Travelling can be pretty tiring as well. There is always something to arrange or take care of in the evenings, trying to make it on time to your transportation is stressful, and don’t even get me started on how it feels like seeing your funds diminish from your account.
So the plan was to take a break from all that and just relax.
Probably comes as no surprise that the first half of our trip was running around like headless chickens and walking our feet sore in the humid over +30 degrees weather.
On one really rainy but hot day, we took on the task to visit Valley of the Temples, a 1.5 hour bus drive away. The main target was a Japanese Buddhist Byodi-In temple, which is located in a valley and mids of green mountains.
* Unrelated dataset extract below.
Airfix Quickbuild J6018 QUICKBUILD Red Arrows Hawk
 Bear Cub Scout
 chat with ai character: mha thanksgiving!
We got soaked twice when the sky was pouring on us, but dried up fast as well since when the sun came out, it was burning hot.
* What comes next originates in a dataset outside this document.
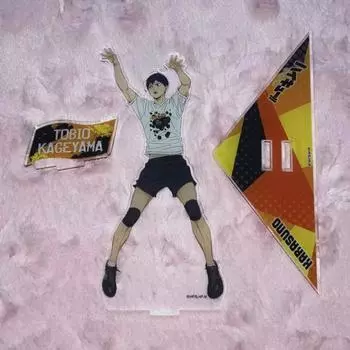 Haikyu Kageyama 2020 Совместная практика Акрил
We first had a look at a family service building by George Pete Wimberly located on the cemetery, that represents typical Hawaiian modernism by its architectural style.
The temple was beautiful and peaceful – at least for the first hour. We arrived when the temple opened at 9 am and all the tour buses arrived closer to 10 am. The temple was as beautiful up close as it was from a distance, especially when the clouds would come and go and cover parts of the mountain tops. To me the most impressive part was to see the temple on the horizon, quite a sight within the valley.
There were other plans for day trips as well. We really wanted to visit North Shore, that holds one of the biggest surfing competition every winter. During summer the beaches are great for snorkeling, jumping off cliffs into the ocean, and watching sea turtles.
We really wanted to climb a hill to one of the several lookouts to be amazed by the beauty of Hawaiian nature.
We also really wanted to visit Hanauma Bay, which has been said to be the best snorkeling beach in O’ahu.
But a trip to northern beaches would have been 2,5 hours on a bus – one way. The distance between the locations we wanted to visit were 45-90 minutes walk apart each time. Of course you would also want to spend time in each location, so without a car we were in trouble. The other destinations were a longer bus trip away too, and frankly, we just had had it.
The truth is there is only so much you can do. We had another intense period coming up when travelling the West Coast of the USA, so we finally admitted that sometimes it is okay to just lay on the beach. So we did.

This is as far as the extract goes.